Gesamtangemessenheitsgrenze für Unterkunfts- und Heizkosten gilt im Sozialhilferecht analog

Die im Recht der Grundsicherung für Arbeitsuchende geltende Gesamtangemessenheitsgrenze zur Berechnung der Unterkunfts- und Heizkosten gilt auch im Bereich des Sozialhilferechts. Die Arbeitslosengeld-II-Regel sei analog anzuwenden, entschied das hessische Landessozialgericht in Darmstadt mit Urteil vom 19.01.2022 unter Zulassung der Revision.

Wechsel von Hartz IV zu Sozialhilfe – Amt erkennt Heizkosten nicht voll an

Der 1951 geborene Kläger lebt mit seiner Frau in einer 78 Quadratmeter großen Wohnung (Kaltmietzins 322 Euro, Heizkosten 121 Euro). Er bezog zunächst Arbeitslosengeld II und beantragte nach Erreichen der Altersgrenze schließlich Grundsicherungsleistungen im Alter (Sozialhilfe). Der Landkreis verwies darauf, dass für einen Zwei-Personen-Haushalt lediglich eine Wohnfläche von 60 Quadratmetern und dementsprechend Heizkosten von maximal 69,25 Euro angemessen seien.

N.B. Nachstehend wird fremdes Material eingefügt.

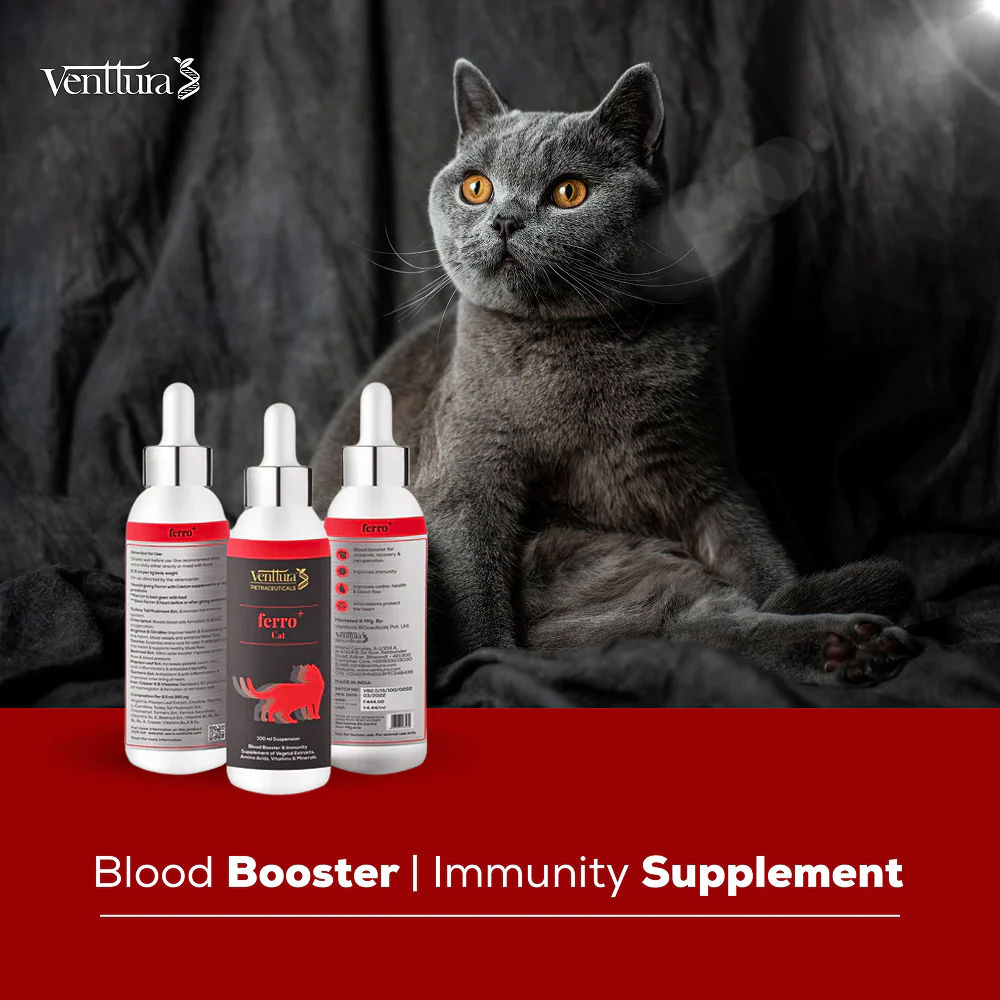 Venttura Ferro Blood Booster & Immunity Supplement for Cats - Image 4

Kläger wendet sich gegen isolierte Betrachtung der Heizkosten

Der Mann führte dagegen an, dass das Jobcenter bislang höhere Leistungen gewährt habe. Bei der Prüfung der Angemessenheit seien auch im Sozialhilferecht die Heizkosten nicht isoliert zu betrachten. Vielmehr sei – wie bei der Hartz-IV-Berechnung – eine Gesamtangemessenheitsgrenze anzuwenden, welche sich auf die Gesamtkosten für Unterkunft und Heizung beziehe. Die Vorinstanz gab dem Kläger Recht. Die Arbeitslosengeld-II-Regelung zur angemessenen Höhe der Kosten für Unterkunft und Heizung sei in der Sozialhilfe analog anzuwenden (SG Kassel, BeckRS 2019, 59130). Der Beklagte legte Berufung ein.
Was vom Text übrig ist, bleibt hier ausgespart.